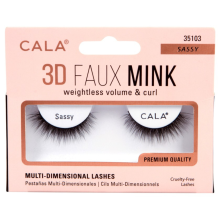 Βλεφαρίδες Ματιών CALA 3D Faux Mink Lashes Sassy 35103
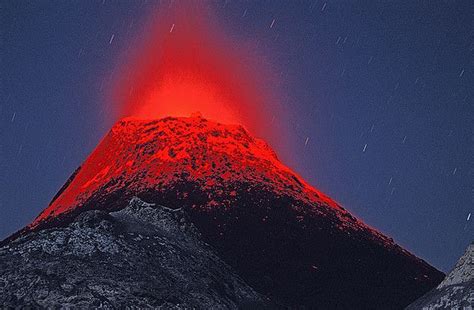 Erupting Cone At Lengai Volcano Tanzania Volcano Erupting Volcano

#####

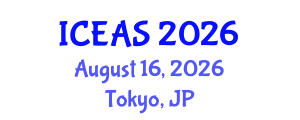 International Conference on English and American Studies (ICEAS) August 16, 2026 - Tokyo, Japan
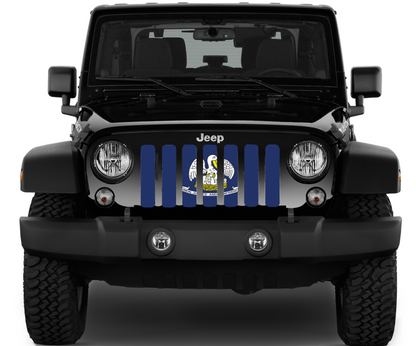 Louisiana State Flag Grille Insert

#####

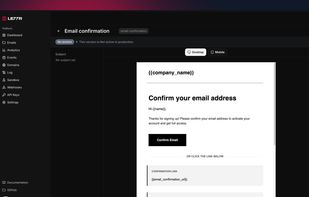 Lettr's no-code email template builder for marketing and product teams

#####

### What to work on
Retype only the lines above from the one with "Βλεφαρίδες Ματιών CALA" through the one with "Erupting Cone At", exactly and with both ends. Images stay out.

### Answer space
 Βλεφαρίδες Ματιών CALA 3D Faux Mink Lashes Sassy 35103
 Erupting Cone At Lengai Volcano Tanzania Volcano Erupting Volcano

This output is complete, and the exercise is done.